Het
landschap van de jeugd, door d’ogen ingekomen,
Drukt
een voort-durend teken in de ziel.
Men
kan gaan reizen, men kan elders wonen,
Het
blijft daar staan, gelijk het binnenviel.
Dames
en heren, ik ben een dorpsjongen, en wel afkomstig van een
merkwaardig dorp, dat in mijn jeugd een tweeslachtig, of wat
ongunstiger gezegd een sterk gespleten karakter had. Het lag in
allerlei opzichten op een breukvlak. Het heet nog Made, een
plaatsnaam waar velen, minder bedreven in de Engelse taal, zich
vroeger vrolijk over maakten met de oubollige mededeling dat dit
vlek, blijkens vermelding op allerlei industriële producten, in
Duitsland, Engeland en Japan lag. Ik heb dit altijd hardnekkig
ontkend en constateer dat deze plaats uniek gelegen is op 51.1
graden noorderbreedte en 4.7 graden oosterlengte in de provincie
Noord-Brabant, en wel, zoals gezegd, in allerlei opzichten op een
breukvlak. De kaart van de bodemgesteldheid ter hand nemend of,
nog beter, wandelend in en rondom dit dorp, trapt men onmiddellijk
ten noorden op zware rivierklei, vruchtbare polders in het bezit
van wat stug boerenvolk, ‘van eigen geluk en gelijk verzekerd’.

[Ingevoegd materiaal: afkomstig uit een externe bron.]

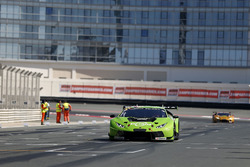 #964 GRT Grasser Racing Team Lamborghini Huracán GT3: Mark Ineichen, Rolf Ineichen, Christian Engelhart, Mirko Bortolotti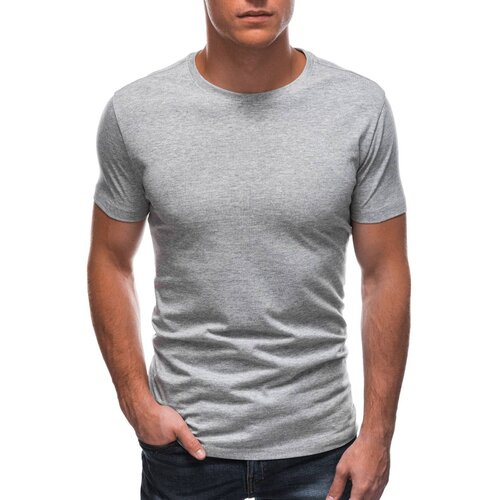 Edoti Men's plain t-shirt S1683 Cene
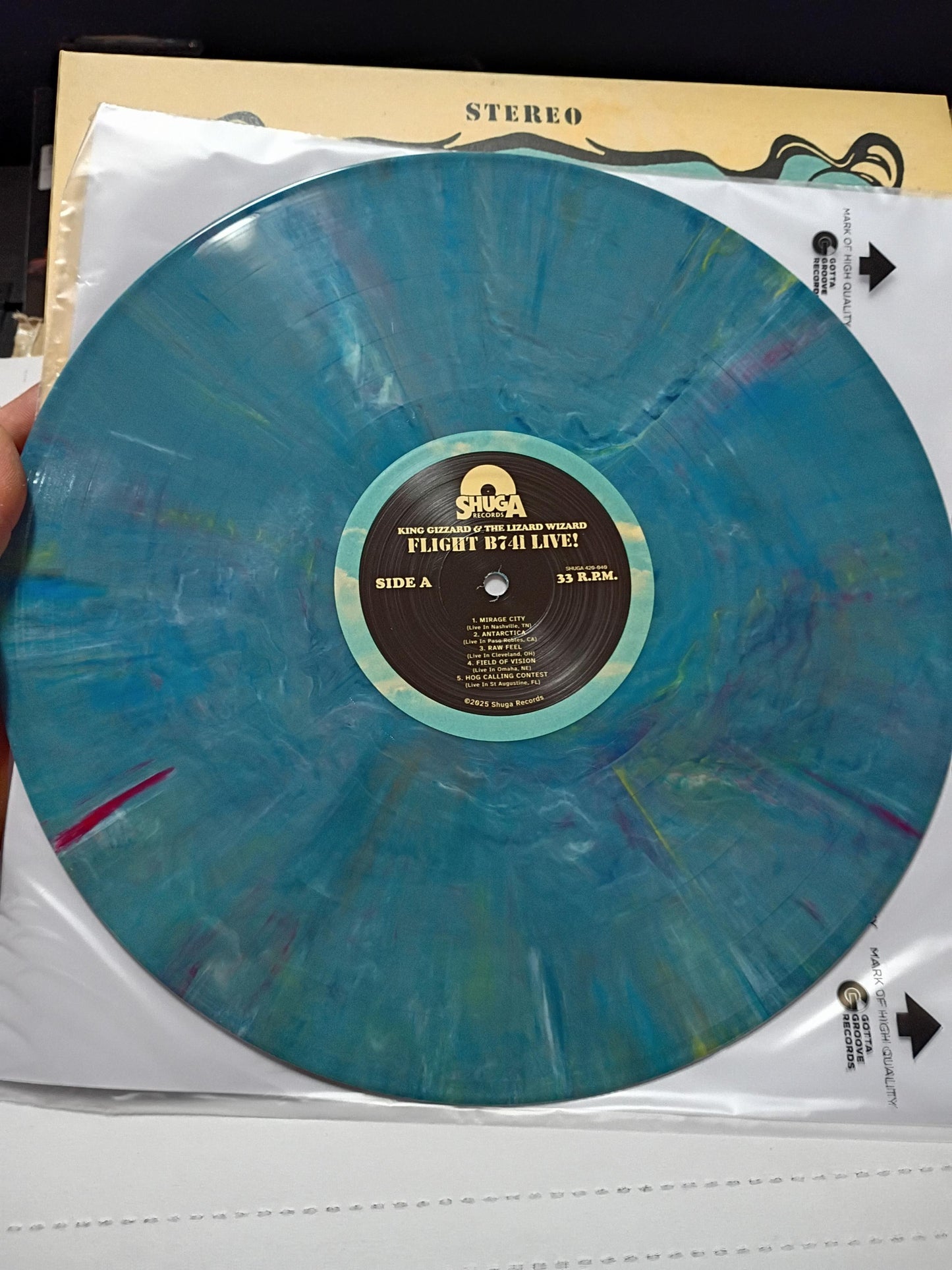 Flight B741 Live! (Shuga Records)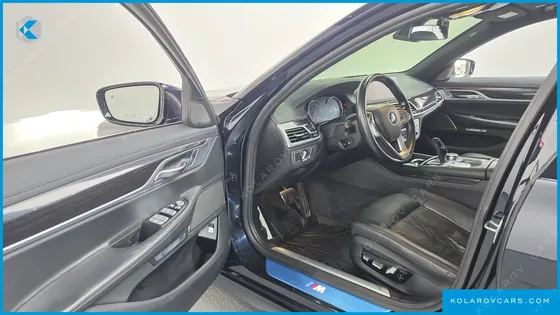 BMW 7 SERIES 740LI XDRIVE M SPORT PACKAGE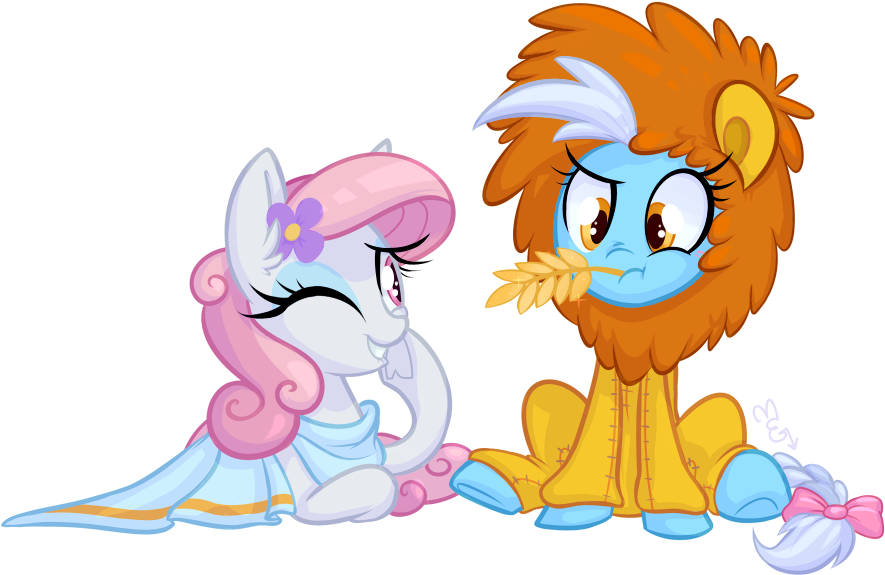 Pony Cartoon Mammal Nose Vertebrate Horse Like Mammal - My Little Pony Leo (900x604)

Meer Hollands dan Brabants. Een onheilspellend landschap, leeg en
verlaten, veel brede sloten en vaarten. Het regende en waaide daar
steeds. Achter een hoge dijk: de Amer, een absolute grens,
daarachter lag een onbekende wereld. In het zuiden, pal tegen het
dorp: zand, geen gewoon zand, tot akkers bedwongen zand, maar een
echte zandverstuiving, in de volksmond Den Duin geheten, een
primitief recreatieoord voor kinderen en verliefden, vol brem in
mijn herinnering. Daar scheen altijd de zon.
Nog
een breukvlak: dwars door de gemeente Made en Drimmelen liep een
interkerkelijke grens tussen katholicisme en protestantisme; Made
was grotendeels katholiek, Drimmelen volledig protestant. Het
katholicisme was heilig en veilig, het protestantisme taboe en
gevaarlijk. Mijn moeder noemde de protestanten, met een uit de
historie der Generaliteitslanden meegekregen besef, nooit anders
dan ‘Geuzen’ of nog mooier ‘Hollanders’. Het was ons
verboden huizen van de volgelingen van Calvijn te betreden, met
protestantse jongens te knikkeren of te vechten laat staan
vriendschapsbanden aan te knopen en, in een later stadium, voor de
liefhebbers, met protestantse meisjes te vrijen.
Binnen
de veilige grenzen van de eigen kerk was er nochtans ook een
merkwaardige situatie, wederom een grenssituatie. Bij een voor mij
zich in het verleden verliezend en ondoorgrondelijk raadsbesluit
van kerkelijke hogerhand was de grens tussen het bisdom ’s
Hertogenbosch en het bisdom Breda midden door het dorp gelegd. Wij
behoorden tot de Bossche helft, de betere helft, want wij
verdachten het Bredase gedeelte ervan minder orthodox te zijn,
minder uitgerust met ‘Roomse blijdschap’. Deze deling kreeg
duidelijk zijn beslag in twee parochies in hetzelfde dorp, de ene
onder het gezag van Mgr. Hopmans van Breda, de andere onder het
nog nadrukkelijker gezag van de vermaarde en gevreesde Mgr. A. F.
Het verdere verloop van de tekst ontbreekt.